The Independent has contacted the FDA for comment.

“In rare situations, when individuals can’t join a clinical trial and have run out of treatment options, Lilly may provide an investigational medicine in coordination with a requesting physician,” a Lilly spokesperson told The Independent in a statement. “We make these decisions following all applicable regulations. We do not comment on the specifics of individual cases.”

The president has gotten early access to a treatment before.

During the pandemic, President Trump got a dose of an antibody therapy to treat his case of Covid before federal officials approved it for general use.

In addition to the antibody treatment, Trump got the Covid vaccine, though this was only disclosed after he left office.

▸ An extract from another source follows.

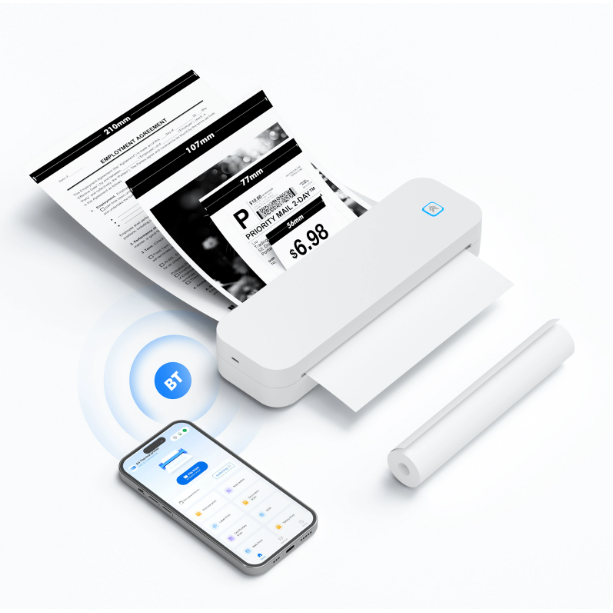 FONOW 프린트기 간편식 블루투스 기능이 있는 잉크 없음 프린터, 흰색, D210 84,900원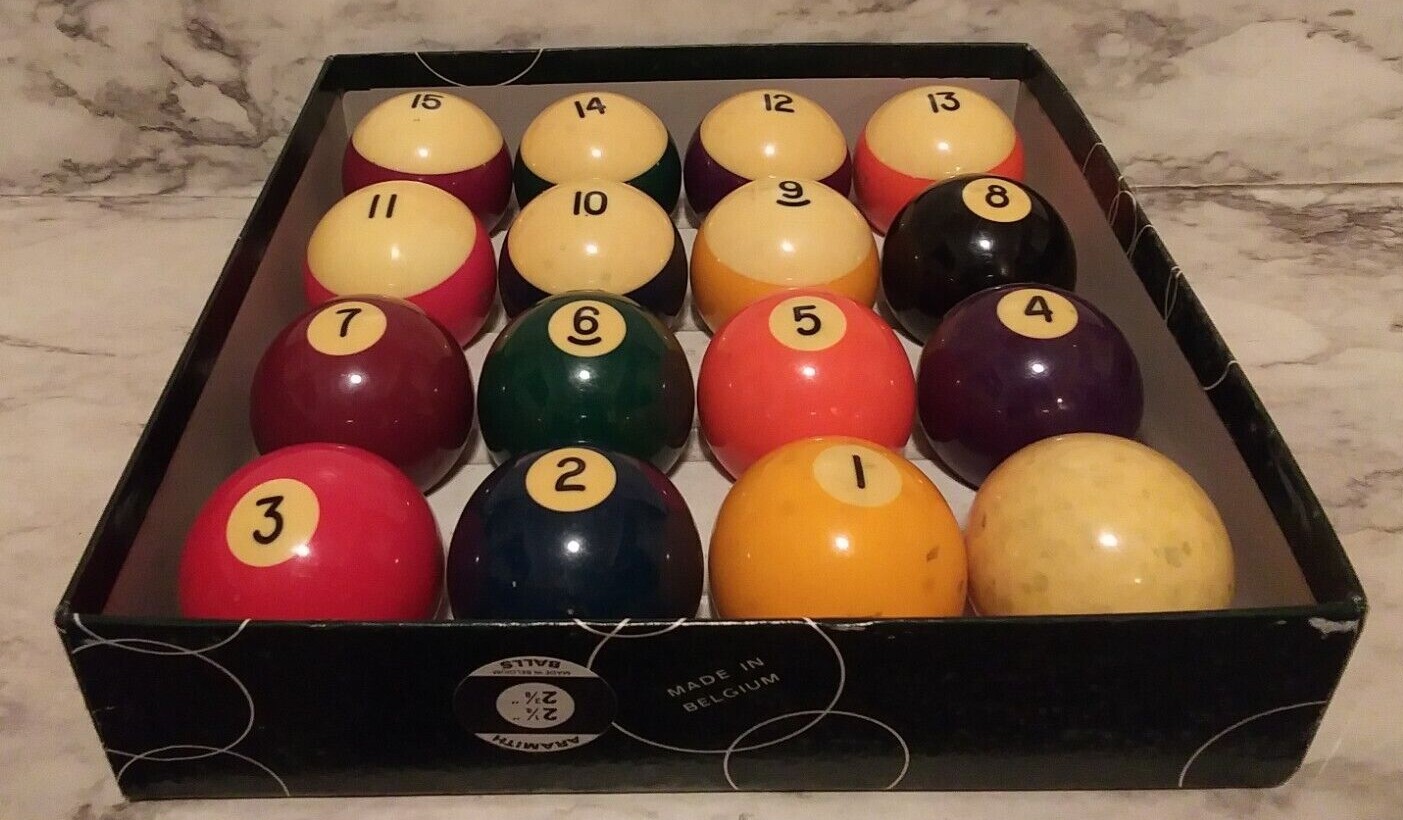 Vintage AARAMITH Belgian Billards Pool Ball Set of 16 BAKELITE 2 1/4"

This January, President Trump said he had never taken weight loss drugs such as Wegovy and Ozempic.

“No, I have not,” he told The New York Times. “I probably should.”

Speculation has been mounting about the president’s overall health since he returned to office, given his frequently bruised and bandaged hands and his apparent habit of falling asleep during public appearances.

President Trump, now 80, is the oldest person to ever become U.S. president.

He “remains in excellent health, demonstrating strong cardiac, pulmonary, neurological and overall physical function,” his physician, Dr. Sean Barbabella, wrote after the president’s annual medical exam in May.

Trump has attracted scrutiny for seeing an “extraordinary number” of specialists as part of the checkup, as well as for an unusual mid-year medical screening he got in October after his annual physical earlier in 2025.

Health concerns also dogged the final months of the Joe Biden administration.

Before Trump, the Democrat was the oldest man to ever hold the White House, and his inner circle allegedly concealed his mental and physical decline from the American public.

A disastrous debate performance, in which President Biden appeared confused and unfocused, helped prompt his ouster from the 2024 Democratic presidential ticket.